Whilst insisting that he is in no way to blame for the bank's unprecedented financial collapse and pointing to the fact that he has two years still remaining on his contract, the 69-year-old Scot has now conceded that - particularly in the light of RBS' announcement that it is to terminate its sponsorship deal with Williams at the end of next year [see separate story - click here] - he is willing to reconsider his position.

"I'm happy to help the RBS at the moment," Stewart told The Herald, "and I am in the process of drawing up a proposal, which will be of significant interest to them, but I'm not at fault when it comes to directors taking decisions or politicians meeting bankers.

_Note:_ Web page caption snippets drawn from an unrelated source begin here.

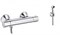 Гигиенический душ с термостатом KLUDI Basic 35002730420 хром 30227 - фото 190266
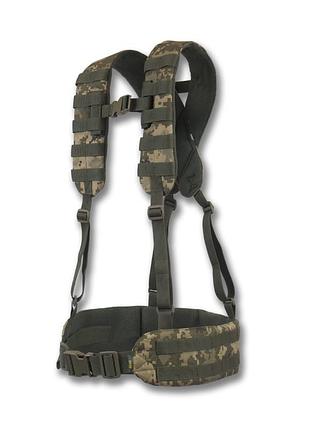 Ременно-плечевая система пиксель kiborg r-2 с irr покрытием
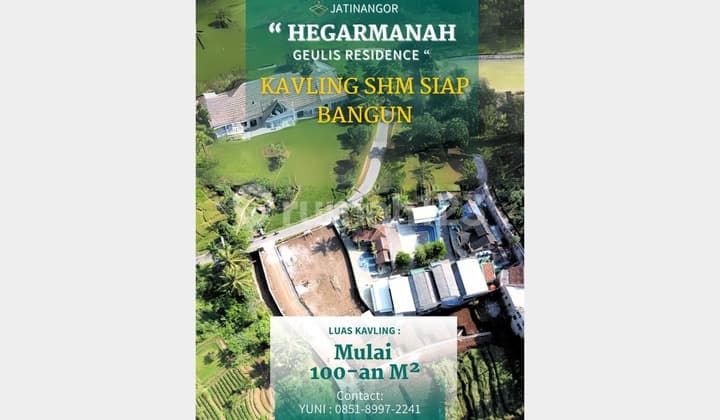 Investasi Tanah Strategis Dekat Unpad & Tol Cisumdawu - Unit Terbatas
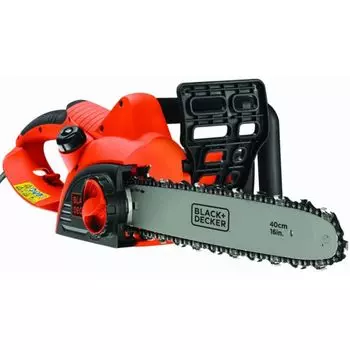 Цепная электропила Black+Decker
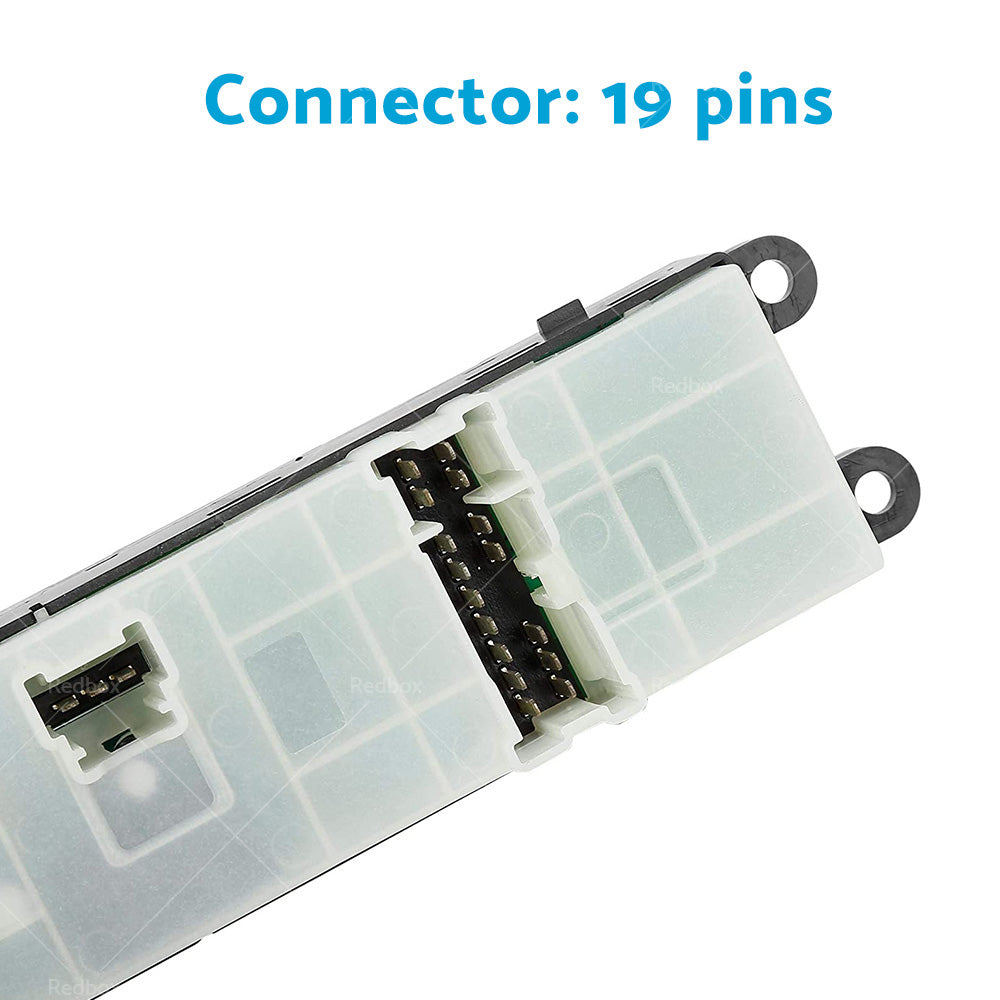 Master Power Window Switch Suitable For Nissan Tiida C11 SC11 C11Z 2006-2010-4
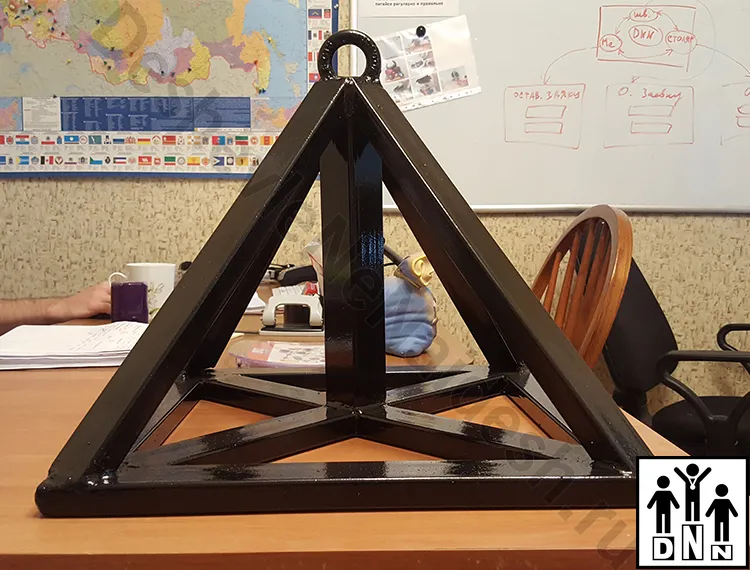 кронштейн для подвеса боксерского мешка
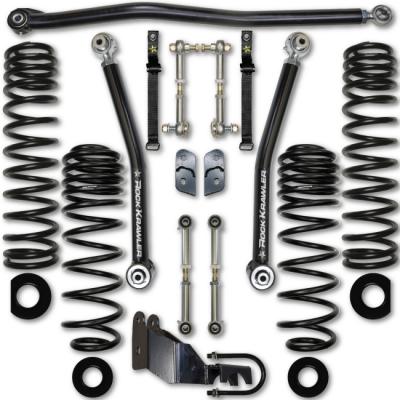 Rock Krawler JL 2.5 Inch Lift Kit 18-Pres Wrangler JL Flex System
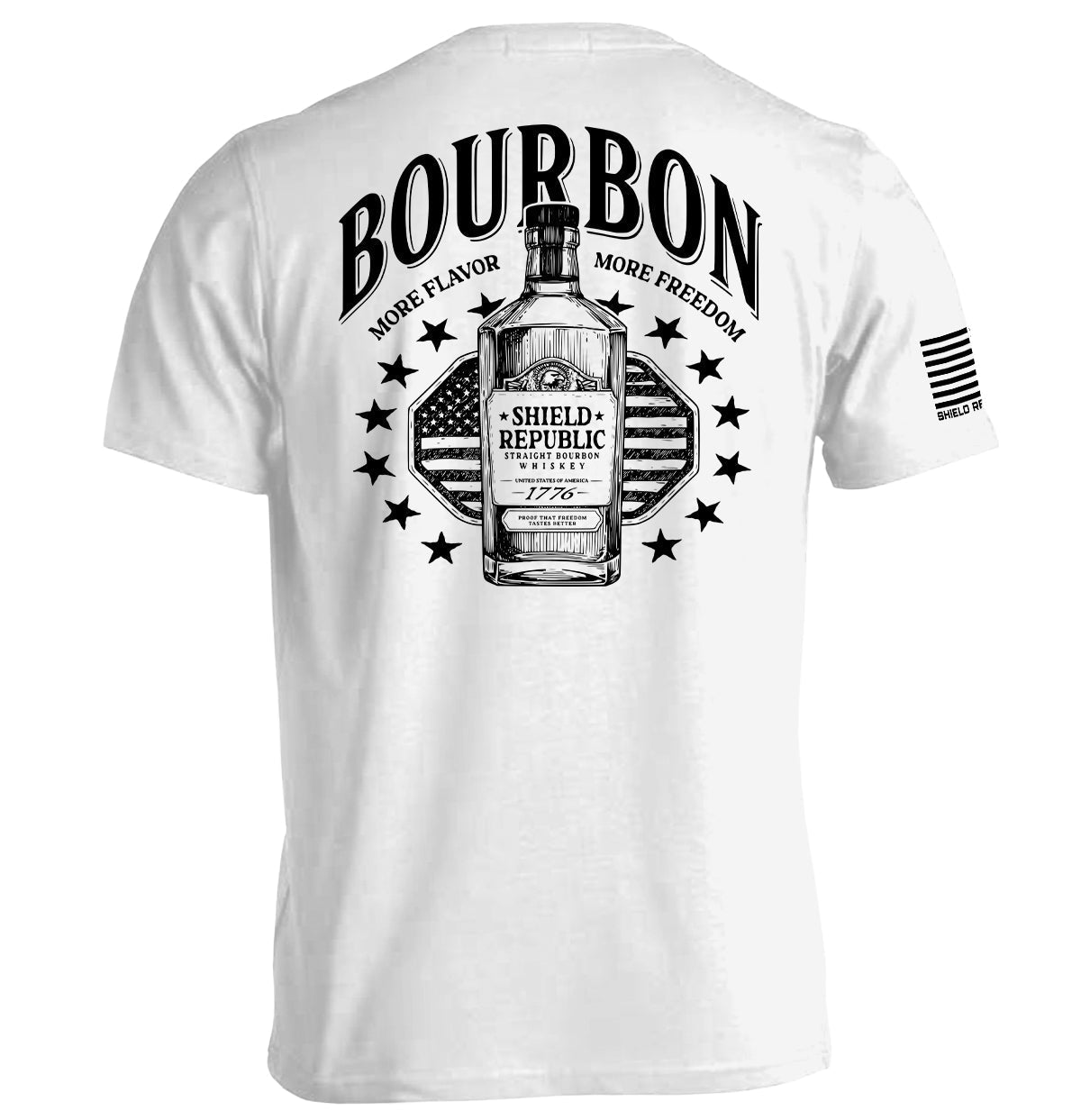 Bourbon More Flavor More Freedom T-Shirts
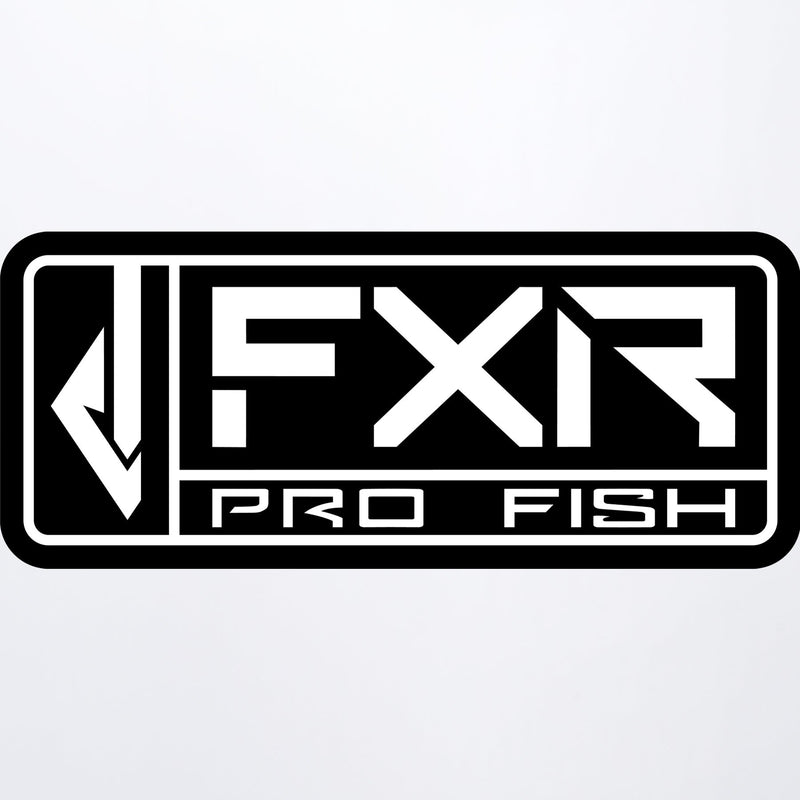 FXR Pro Fish Klistermärke - 6"
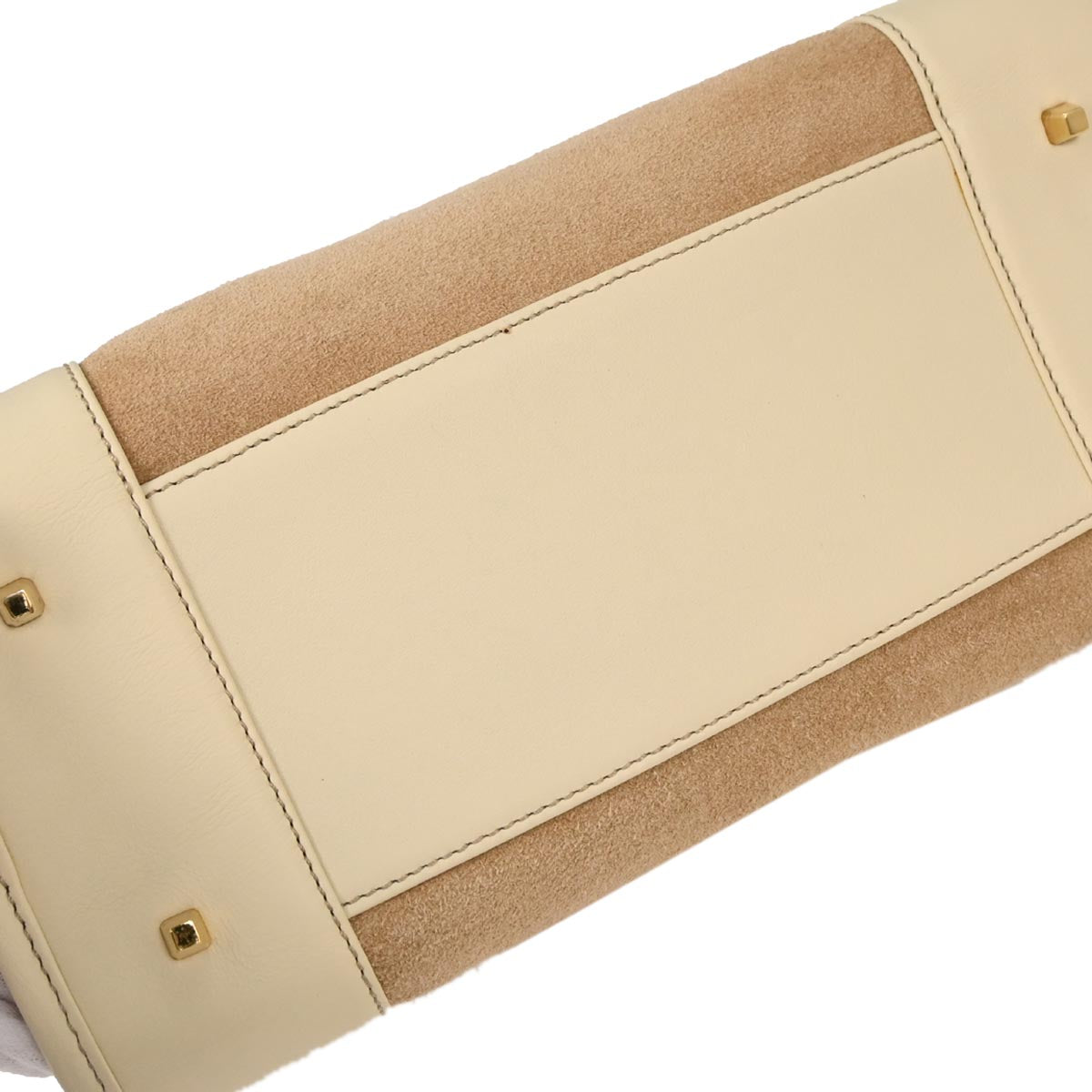 Loewe Beige Suede Amazona 28 Handbag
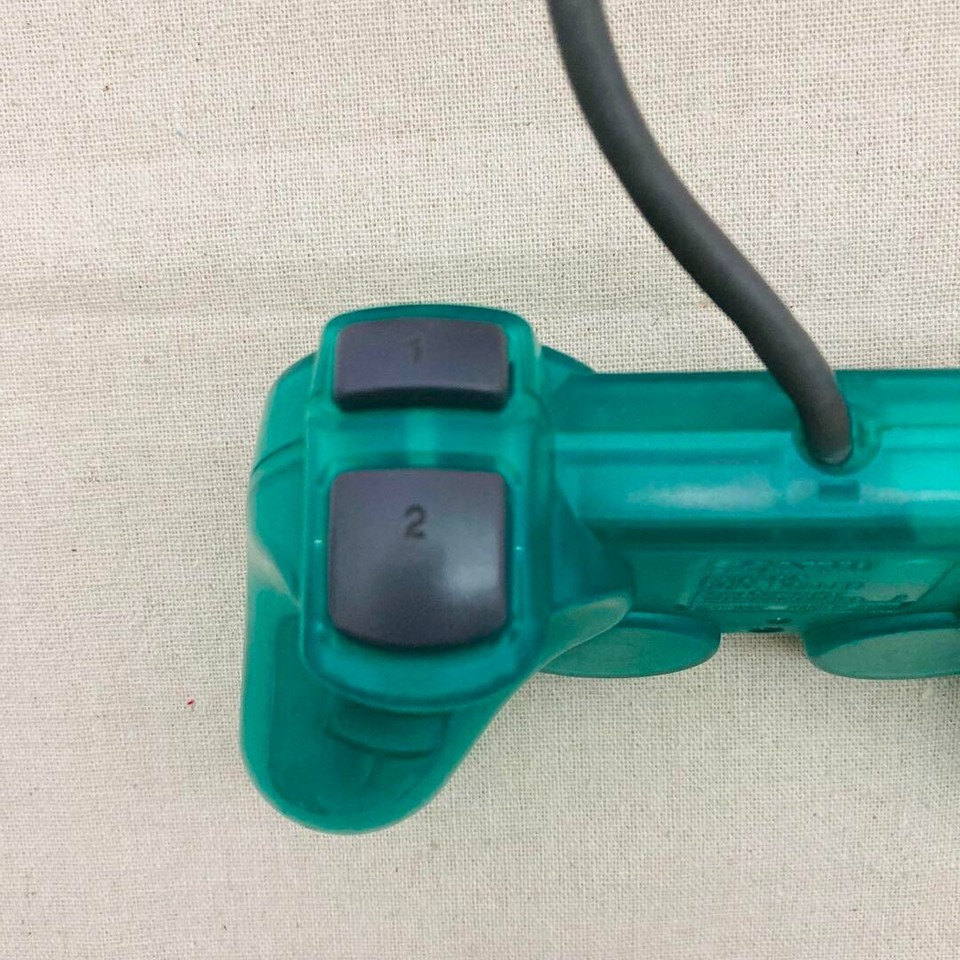 Duty Free! Playstation2 Dual Shock2 Emerald Green Sony PS2 Japan ...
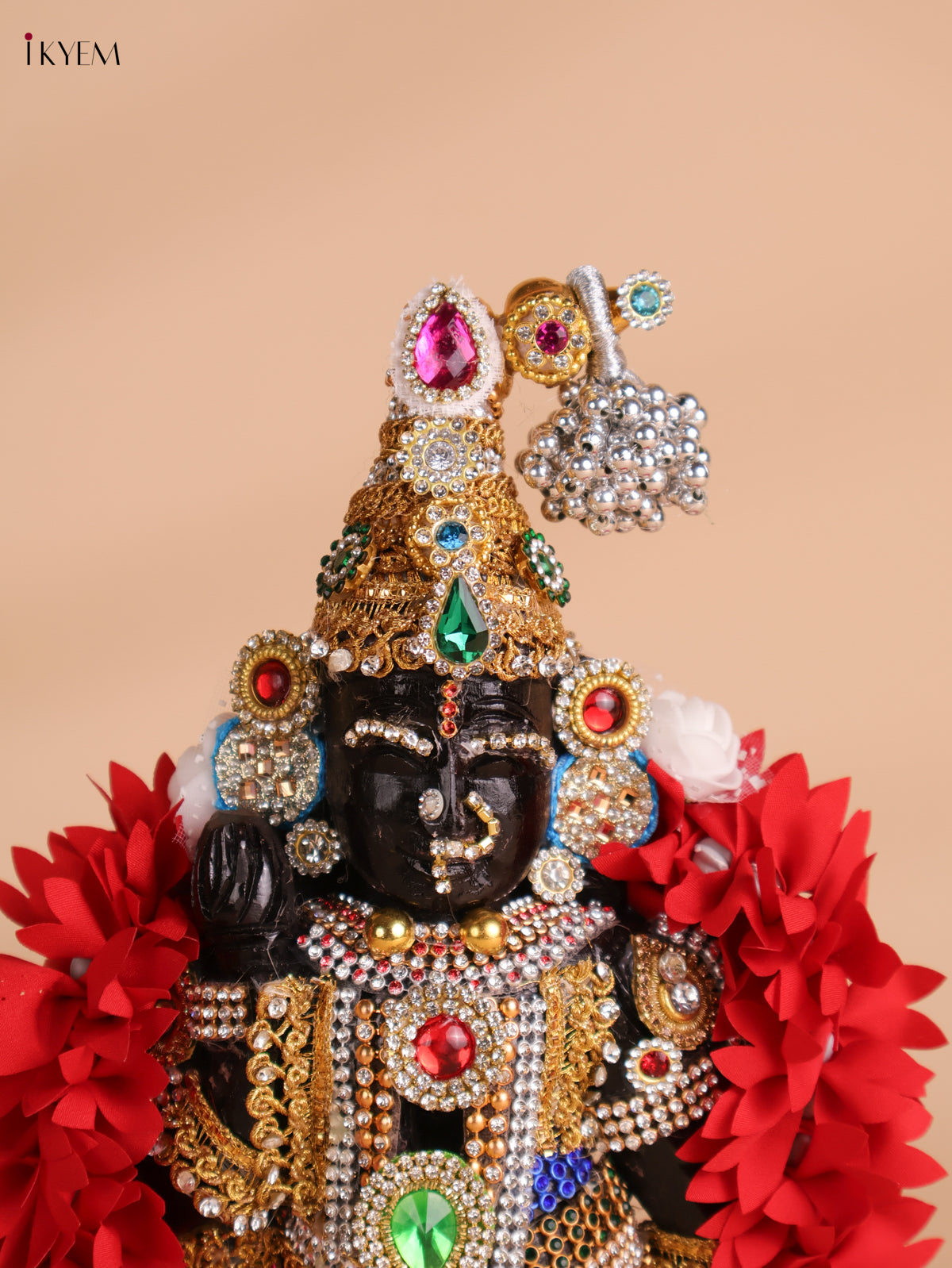 Balaji Padmavathy Thayar MARAPACHI - Doll - 11 inch-KEI29140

"I feel for people who are losing their jobs, but I have a long-term contract with the bank and I have always been open in my dealings with them. The fact is I was involved with Ford for 40 years, and with Moet and Rolex for the same period. I have never shirked my responsibilities in these relationships, which is why they have all lasted so long."

Tennis star Murray has hinted that he may be willing to re-negotiate because 'the bottom line is I want to help'.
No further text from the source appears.